There are fears that suppliers will shoulder the cost of Sainsbury’s multi-billion-pound merger with Asda, with the two British retailers having promised net synergies of at least £500 million.
The deal, announced a week ago, will create a combined business with revenues of around £51 billion – equivalent to the UK’s current largest supermarket, Tesco.
But the size of the proposed merger has prompted scrutiny from UK politicians, and the transaction is now expected to face close investigation from the country’s antitrust authority, the Competitions & Markets Authority (CMA).
Now David Gurr, global channel manager for data insights company InfinityQS, has questioned what impact combining Sainsbury’s and Asda will have on suppliers. The UK’s grocery sector has already come under intense criticism for its trading practices, with the Groceries Code Adjudicator (GCA) finding in 2015 that Tesco “knowingly delayed paying money to suppliers in order to improve its own financial position”.
Gurr says that the companies’ own statements regarding the merger, promising heavy cost synergies and greater ‘buying power’, show that the businesses are ready to squeeze its suppliers further. He also casts doubt on the assertion from Sainsbury’s CEO Mike Coupe that there will be no store closures when the two companies are combined.
“Both companies are already placed within the top three based on market share and the merger will affect all areas of the UK grocery and FMCG supply chain as retailers are forced to adjust their pricing to remain competitive,” he tells FoodBev.
In some parts of the UK, particularly in London, Sainsbury’s and Asda stores operate within less than 100 metres from each other. Political commentators have suggested that a combined business wouldn’t find sense in operating both stores – or, at least, not without setting neighbouring stores apart from each other through differentiated homewares and grocery offerings, for instance.

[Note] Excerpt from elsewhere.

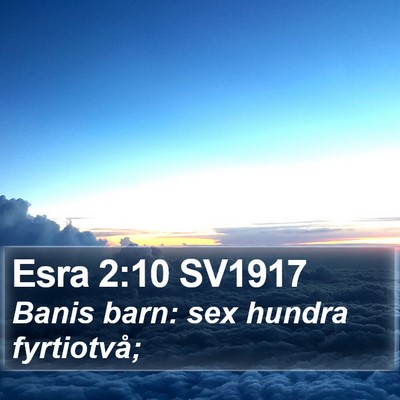 Esra 2:10 SV1917 Bible Verse Image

In some locations, Sainsbury’s and Asda stores look unfeasibly close – despite reassurances. © Google
Gurr says that, regardless of how Sainsbury’s and Asda benefit from their merger, suppliers will need to face down fresh pressure.
“With rising production and import costs, suppliers are being squeezed from both ends and it will be imperative they ensure their industrial processes are streamlined and operating at full efficiency.
“There is great potential for cost saving throughout the FMCG manufacturing sector – for example, according to the Waste and Resources Action Program (WRAP), UK manufacturing accounts for approximately £1.2 billion of preventable food wastage, which equates to nearly 1 million tonnes of food, and there are a variety of technologies and strategic decisions that can be deployed to ensure the reduction of excess material and improved sustainability.
“One of the most effective ways for suppliers to retain a healthy profit margin is by optimising their manufacturing processes to maximise efficiency by implementing manufacturing intelligence solutions that automatically identify areas of inefficiency. In addition to making substantial cost savings and enhancing operational effectiveness, implementing cloud-based data monitoring and analytics technology gives manufacturers full visibility into each stage of their manufacturing process and supply chain. This enables operators to easily gather valuable process data that can be compared and contrasted in real-time across multiple lines, factories and regions to instantly identify bottlenecks and areas of improvement.
“Once inefficiencies have been identified, manufacturers and suppliers can adapt their operational approach, make substantial cost savings through reduced CAPEX and OPEX and regain their competitive edge. Together, these approaches can help offset any downward pressure on margins resulting from this merger.”